Bond is a certificate issued by a business company or government promising to pay back money it has borrowed. The issuer of the bond promises to return to the bondholder the principal (amount borrowed) when the bond matures (comes due) at some future date. Most bonds pay interest at regular intervals. Because the person who buys a bond is a creditor and not a stockholder, bonds enable businesses and other issuers to raise funds without enlarging the pool of owners.
How bonds are issued.
Bonds are usually issued in groups. Each bond represents a fraction of the amount being borrowed. A person could buy a bond of $1,000 denomination that is part of a $100,000 issue. This type of issue enables people of moderate means to invest, and enables businesses to obtain substantial funding.

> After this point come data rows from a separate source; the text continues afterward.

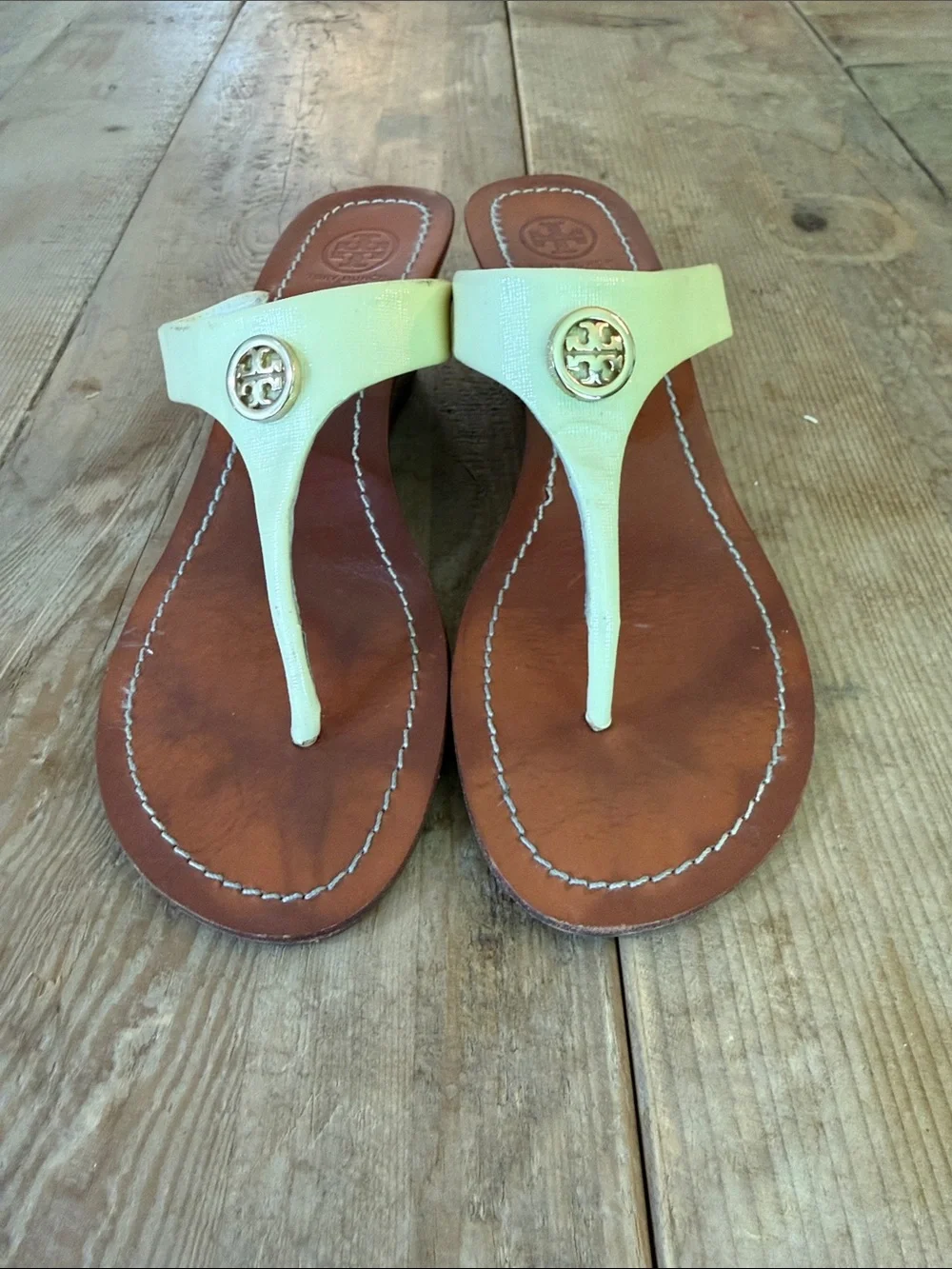 Tory Burch Pale Yellow Leather Thong Sandals with Gold Logo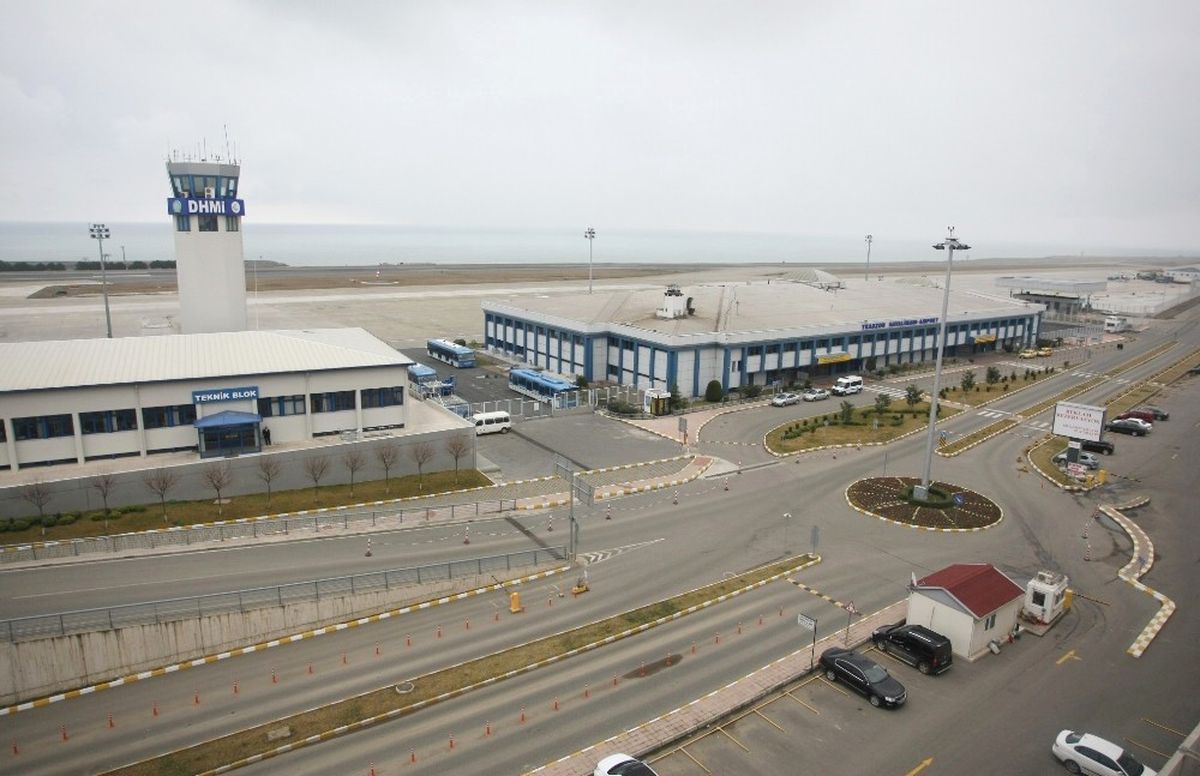 Trabzon Havalimanı Pistinde Tadilat Çalışması
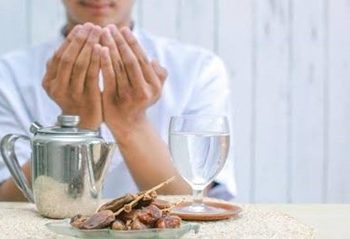 Ilustrasi menjalankan ibadah puasa dengan ketaqwaan. ( detik.com - almuhtada.org)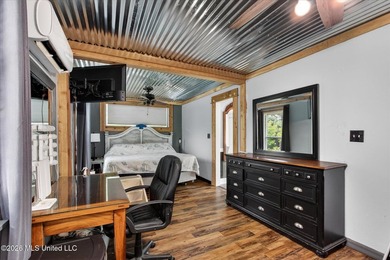 uTucked away on three beautifully landscaped lots, this - photo 15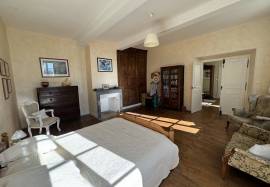 Elegant Manor House with Renovated Outbuilding - Ideal for Seminars, Yoga Retreats, or Luxury Guest House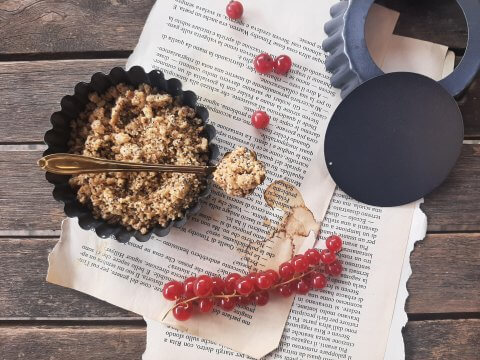 Crumble topping limone e semi di papavero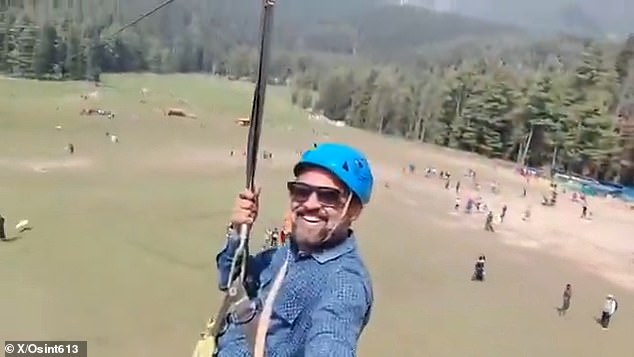 Video sốc: Du khách livestream cảnh đu zipline vui vẻ khi phía dưới đang nổ ra cuộc xả súng khiến 26 người thiệt mạng- Ảnh 1.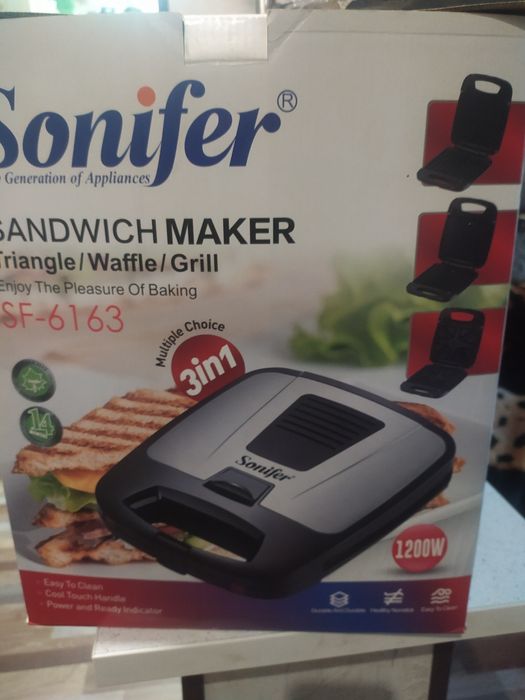 Продаю Вафельницу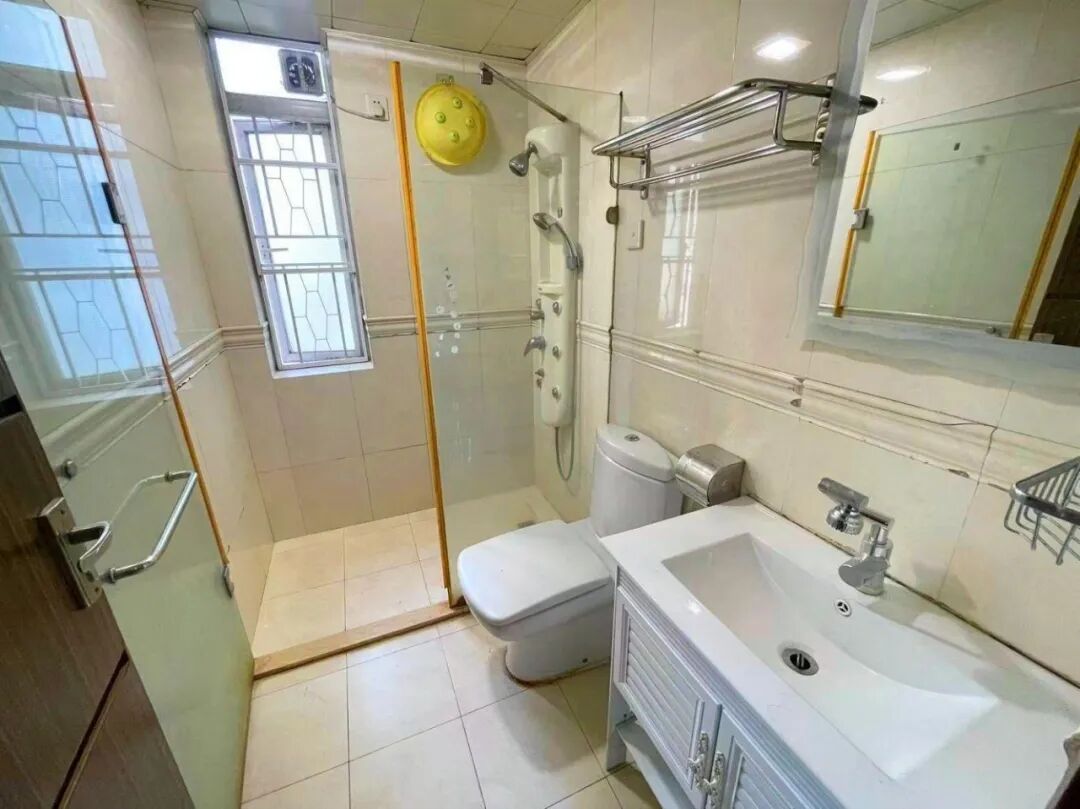 天河北二手房【伊顿18】122平，总价950万！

Many bonds are traded on stock exchanges.
Kinds of bonds.
There are several kinds of bonds. Mortgage bonds give the investor a claim on some or all of a company’s property. Such a claim, called a lien, is given as security in case the loan is not repaid when due. Debentures are bonds that are not protected by a lien. Collateral trust bonds are secured by property called collateral (often stocks or bonds) deposited with a trustee. Income bonds promise to repay principal but to pay interest only when there are earnings. Callable bonds may be redeemed by the issuing corporation under stated conditions before maturity. Serial bonds mature in relatively small amounts at stated intervals. Municipal bonds are issued by state or local governments. Inflation-indexed bonds protect bondholders from being repaid in dollars whose value has been reduced by inflation (rising prices). The amounts investors receive are adjusted to correspond to current market prices.
Bond ratings.
Bonds are assigned ratings by independent organizations, such as Moody’s Investors Service and Standard & Poor’s Corporation, based on their degree of risk. Risk is determined by how likely it seems that the issuer might default (fail to meet its obligations). The riskier a bond, the lower its rating. Because investment experts perceive large, established companies as low-risk, bonds issued by such companies usually have investment-grade ratings. These ratings mean that the companies pay lower interest rates to investors. Bonds with noninvestment grade ratings must offer a higher rate of interest to make up for their higher risk. Such bonds—also called high-yield bonds or junk bonds—have gained popularity among investors because their high interest rates often more than make up for the risk of default. Many companies issue such bonds to raise money for investing in new technologies.